▶ Directions for this task
The material beneath this line should be printed exactly, with its pictures omitted.

== Segment start ==

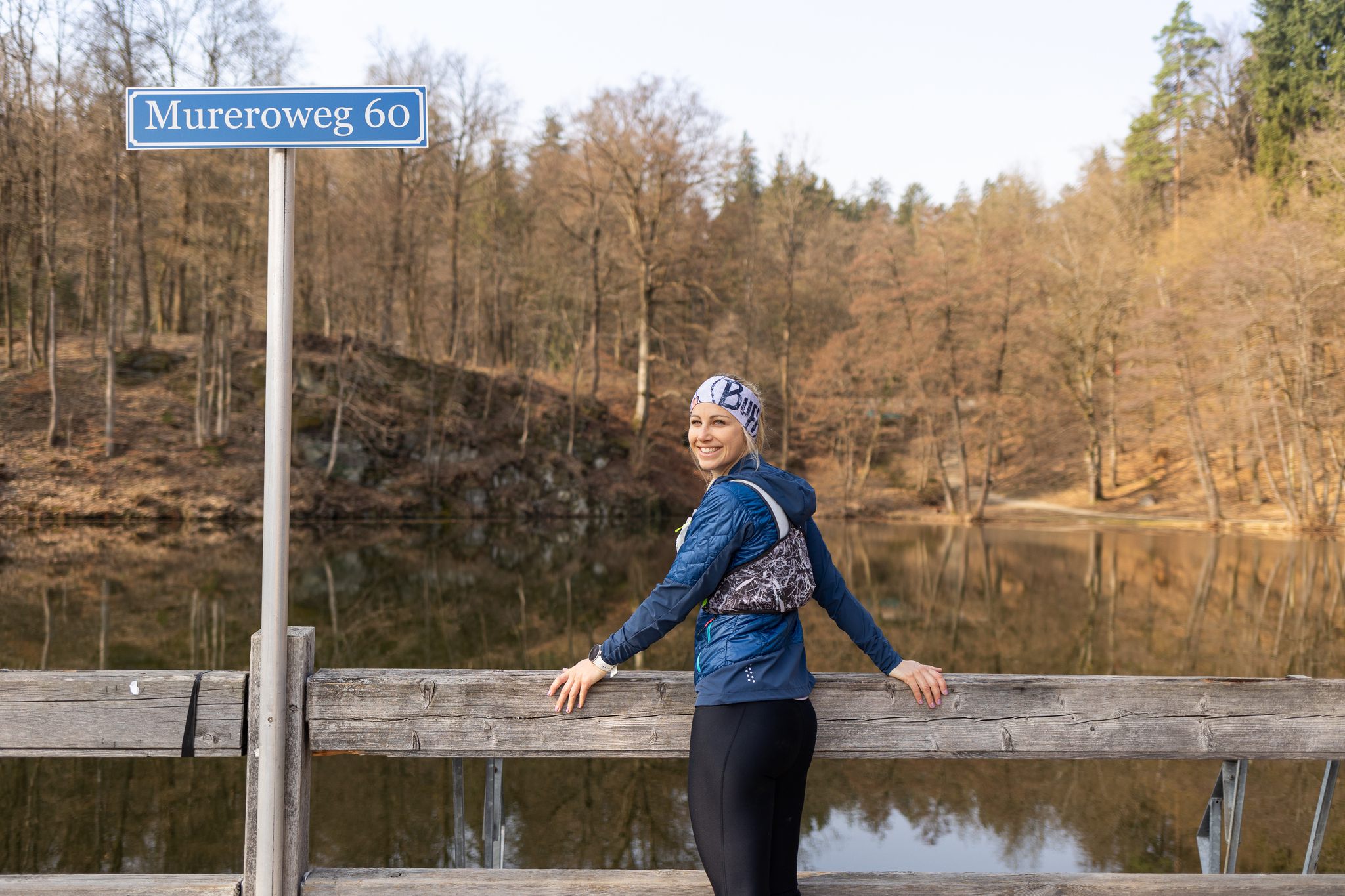 Trail Läuferin bei kurzer Pause am Mureroweg 60 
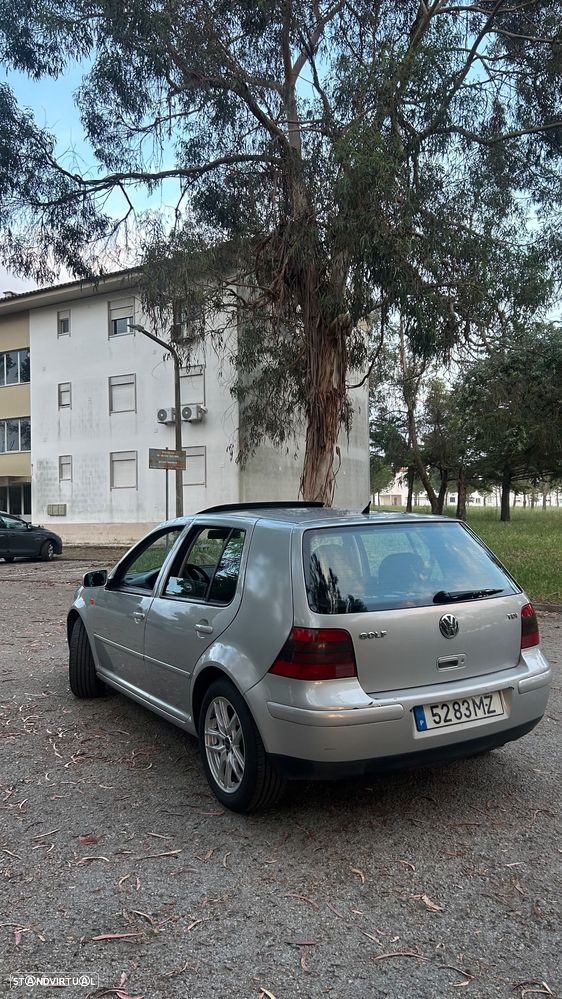 VW Golf 1.9 TDi Highline - 4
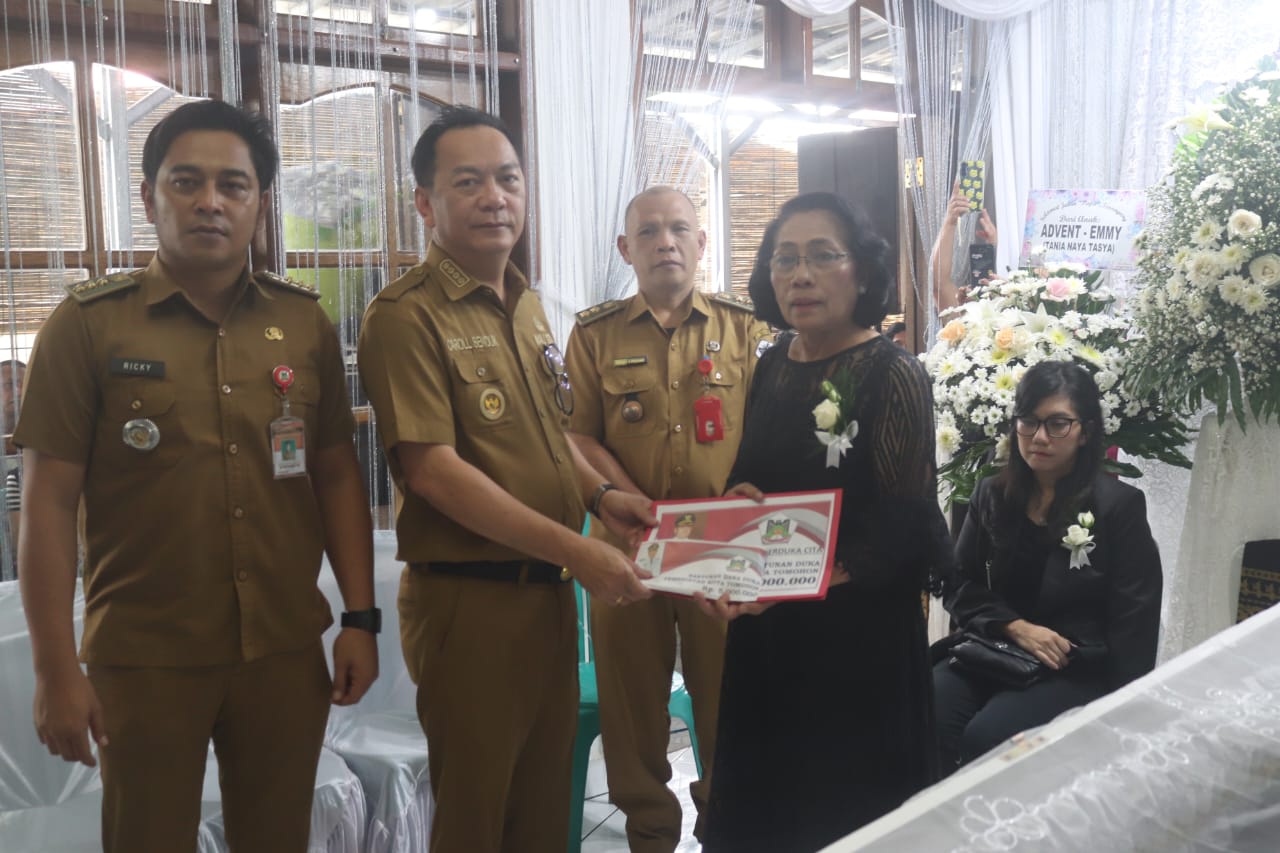Turut Berduka Cita: Walikota Tomohon dan Jajaran Pemkot Tomohon Melayat di Rumah Duka Alm Patrick Samuel-Pangkey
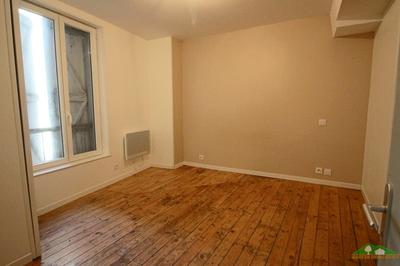 Appartement ancien - 61 m² - 2 pièces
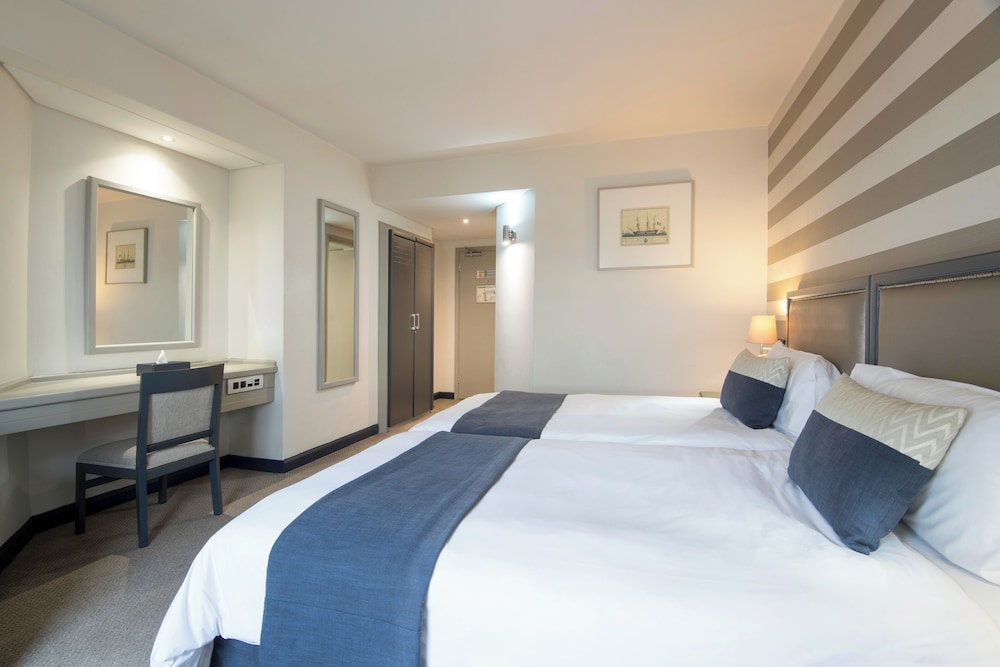The Portswood Hotel — Hotel rooms in Cape Town, Western Cape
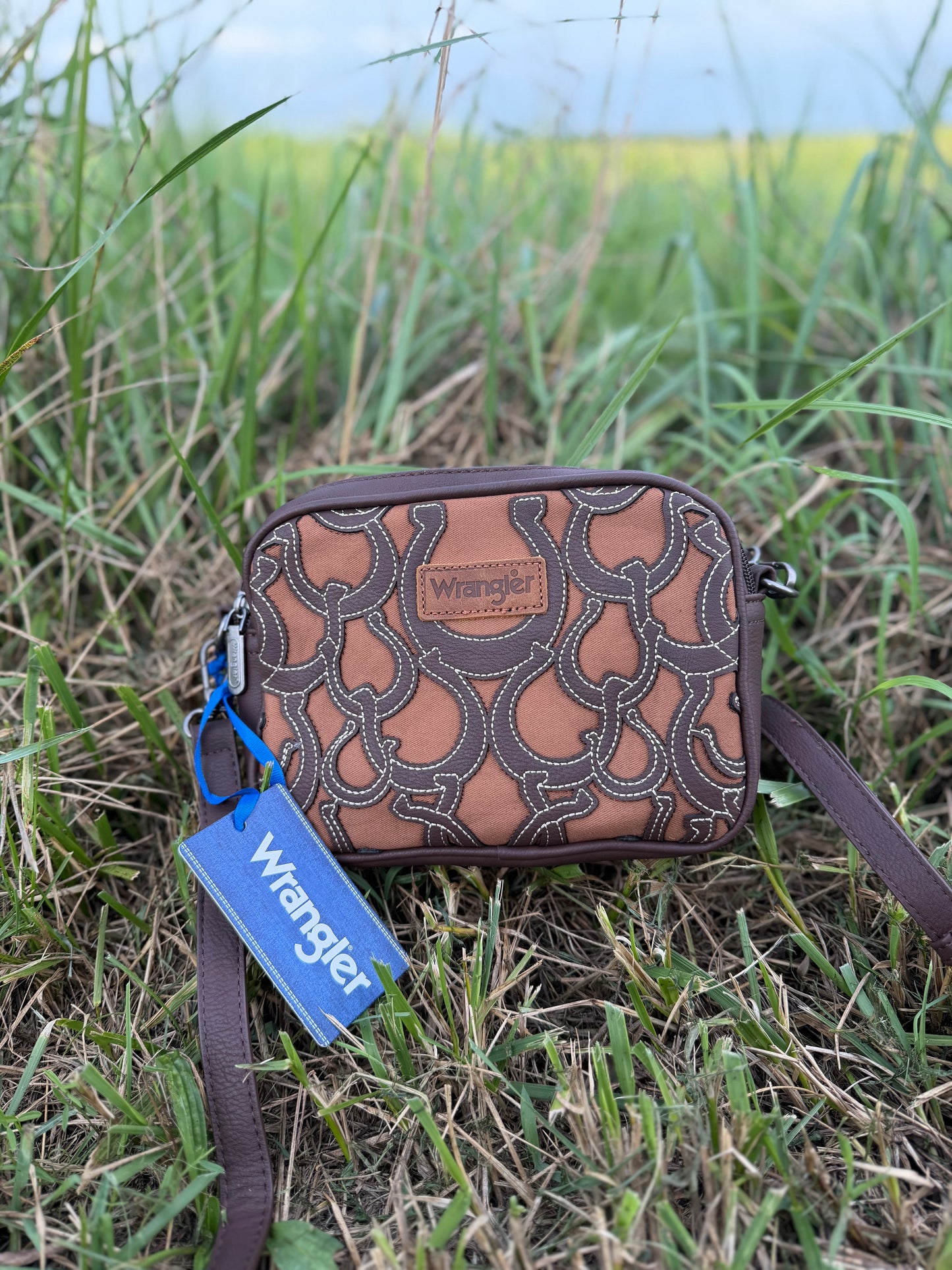 Wrangler Horseshoe Cutout Crossbody Bag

== Segment end ==

▶ Reply to the task
 Trail Läuferin bei kurzer Pause am Mureroweg 60 
 VW Golf 1.9 TDi Highline - 4
Turut Berduka Cita: Walikota Tomohon dan Jajaran Pemkot Tomohon Melayat di Rumah Duka Alm Patrick Samuel-Pangkey
 Appartement ancien - 61 m² - 2 pièces
The Portswood Hotel — Hotel rooms in Cape Town, Western Cape
 Wrangler Horseshoe Cutout Crossbody Bag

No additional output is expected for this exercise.